Com efeito, será sobretudo no pós-25 de Abril que a licenciatura em Sociologia será consolidada no ISCTE, instituição que terá em 1983-84 como primeiros sociólogos doutorados no país José Madureira Pinto e João Ferreira de Almeida no próprio ISCTE. Esta instituição, como aliás outras no país, puderam beneficiar não só destes e, posteriormente, doutros/as sociólogos/as, entretanto doutorados/as no país, como do retorno de vários/as doutorados/as no estrangeiro, quer em Sociologia, quer noutras Ciências Sociais afins tais como a Antropologia e a História, os quais foram integrando não só o ISCTE-IUL como várias Universidades do país.

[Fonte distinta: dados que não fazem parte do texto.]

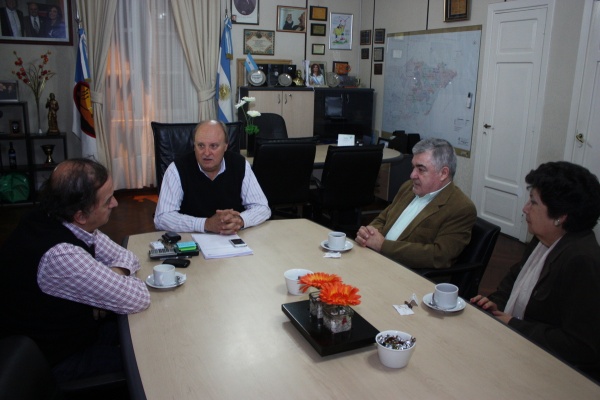 Di Pierro recibió a Das Neves y Lagoria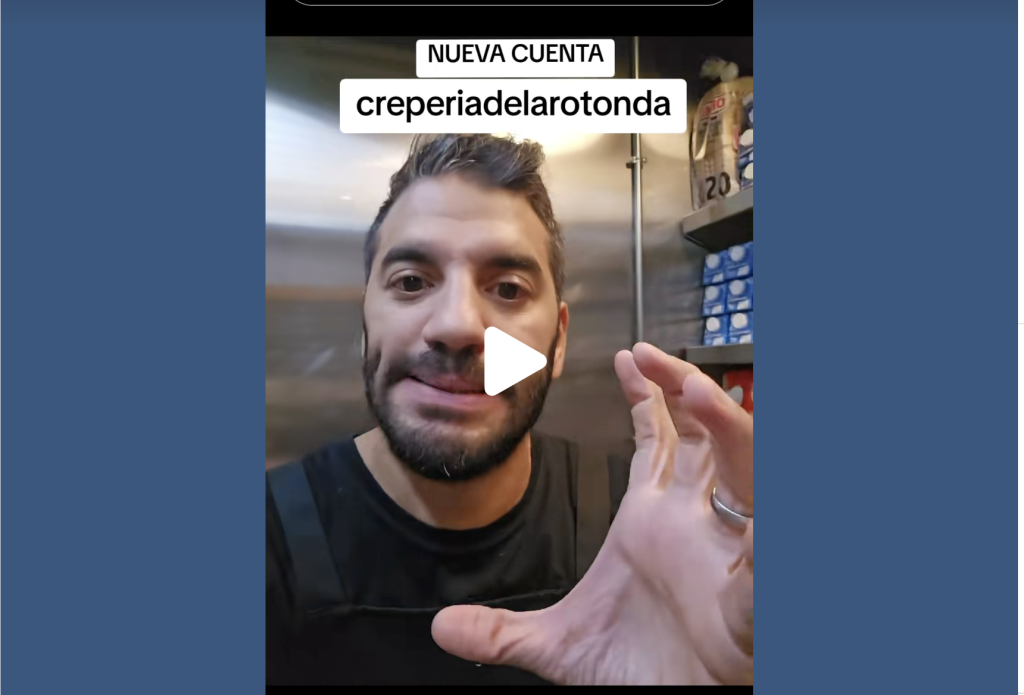 Ahmed Agharbi El Bachiri denunciant la situació / TikTok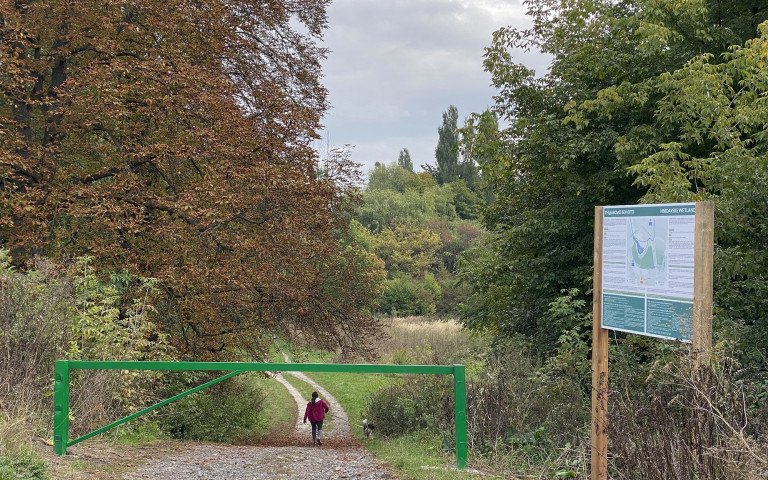 шлагбаум та стенд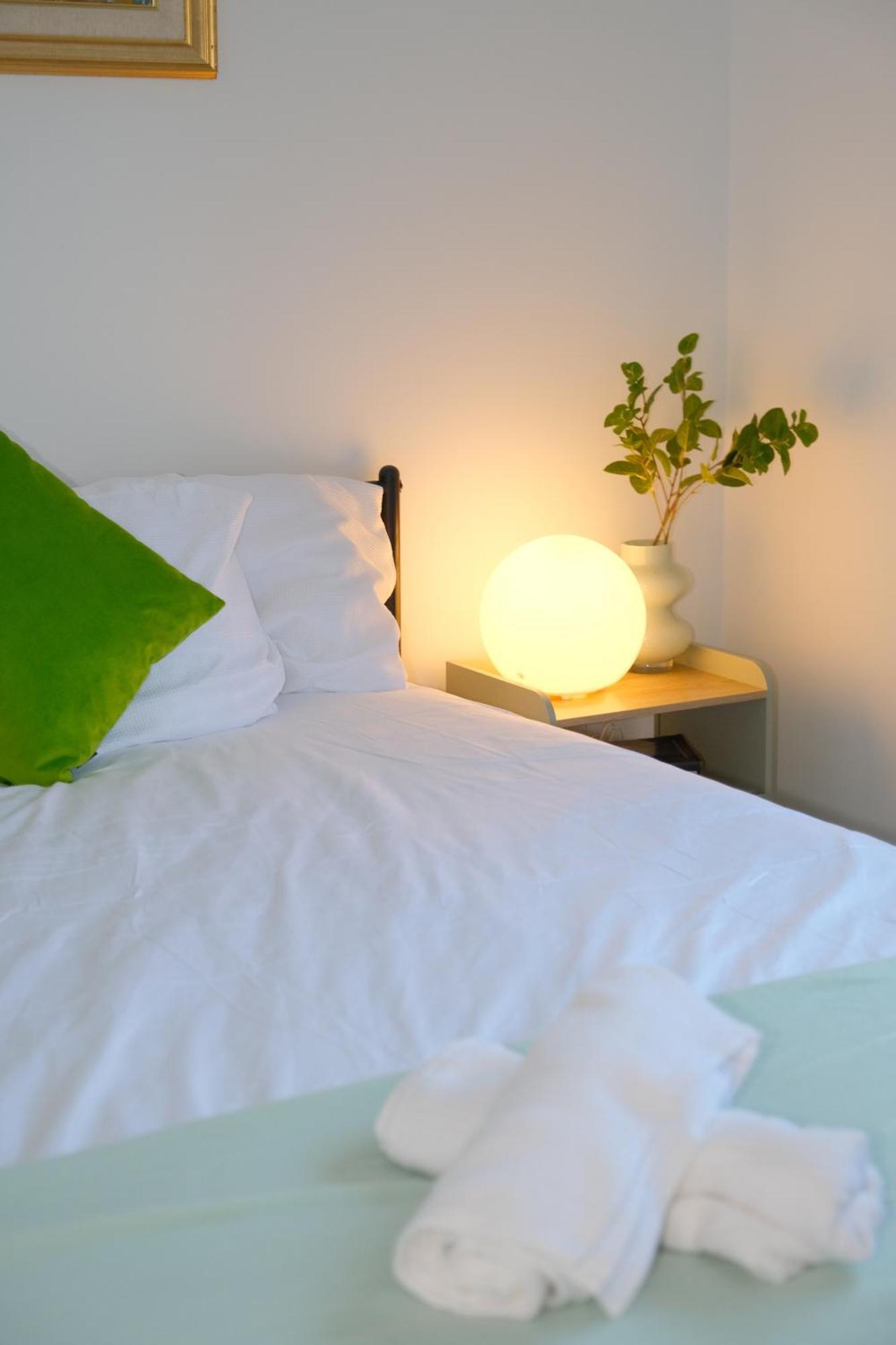 Holiday home A2 Airport 2Br Haven - Garden & Parking Perth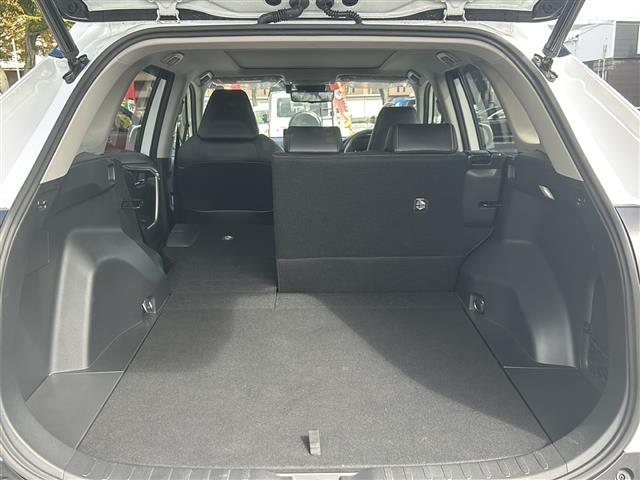 ＲＡＶ４ Ｇ　Ｚパッケージ　スマートエントリー＆プッシュスタートシステム本革巻きステアリング＆シフトノブ前席シートヒーター／ベンチレーション機能ステアリングヒーターＵＳＢ　Ｔｙｐｅ－Ｃ端子ハンズフリーパワーバックドア（32枚目）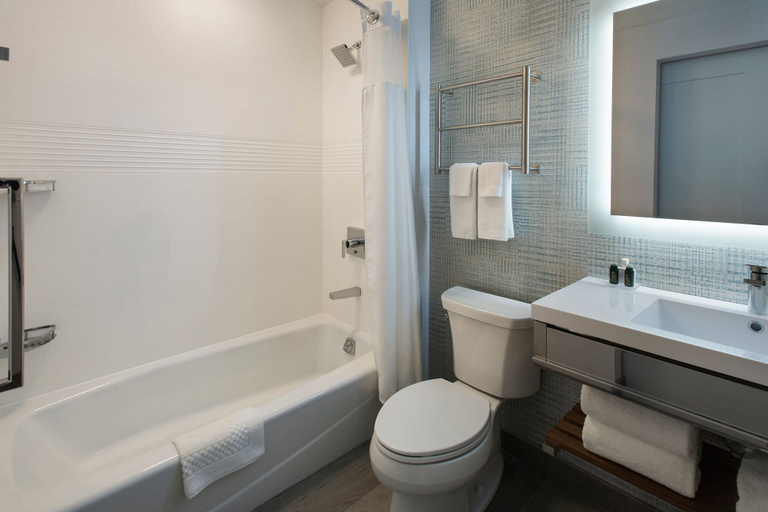 Bathroom 5, TownePlace Suites by Marriott New York Brooklyn, New York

Com um novo modelo criado de raiz mas em estreita conexão com outras áreas científicas como História, Antropologia, Demografia e Literaturas, há a referir o Curso de Sociologia na Faculdade de Ciências Sociais e Humanas da Universidade Nova de Lisboa (FCSH-UNL), criado em 1979, com forte inspiração na figura e obra de Vitorino Magalhães Godinho9 tendo sido igualmente criada a revista Forum Sociológico em 1992 dirigida por Moisés Espírito Santo, após a formação do centro de investigação SOCINOVA em 1987, o qual, juntamente com o Instituto de Investigações Sociológicas (CEOS), criado em 1995, e o Instituto de Sociologia Histórica, deu lugar em 2007 ao Centro de Estudos de Sociologia (CESNOVA)10
Ainda na década de 1980, várias foram as Universidades que, por iniciativa de grupos institucionais ou figuras prestigiadas no campo, foram projetando cursos de Sociologia no pós-25 de Abril de 1974 no seio de Faculdades ou Institutos já consolidados, dos quais o primeiro em 1985 teve lugar na Faculdade de Letras da Universidade do Porto (UP) sob a direção de António Teixeira Fernandes e a relevante colaboração de José Madureira Pinto, também da mesma Universidade mas integrado na Faculdade de Economia, tendo surgido, a par do Curso de Licenciatura, dois núcleos de estudos e, com eles, duas novas revistas também prestigiadas no panorama nacional: Cadernos de Ciências Sociais em 1984 sob a direção de José Madureira Pinto e Sociologia sob a direção de António Teixeira Fernandes, tendo-se formado em 1989 como centro de investigação o Instituto de Sociologia11
Em 1987 é iniciado o Curso de Licenciatura em Sociologia na Universidade da Beira Interior (UBI) sob o impulso de vários cientistas sociais de várias proveniências, nomeadamente do estrangeiro, tendo como principais coordenadores e protagonistas Alice Fontinha, Francisco Videira Pires, José Carlos Venâncio, Moisés Martins e Maria Johanna Schouten, tendo sido criado pouco depois o Centro de Estudos Sociais (CES-UBI, redinamizado, desde 2005, como UBI_CES) e a revista intitulada Anais Universitários, em articulação com outros cursos de Ciências Sociais, nomeadamente as Ciências da Comunicação e enquadrada no âmbito da Faculdade de Ciências Sociais e Humanas12 Porém, desde 2012, salvo uma minoria integrada no CICS-UMinho e, posteriormente, no CICS.NOVA, a maioria dos/as sociólogos/as investigadores/as formou um pólo do CIES do ISCTE-Instituto Universitário de Lisboa (IUL).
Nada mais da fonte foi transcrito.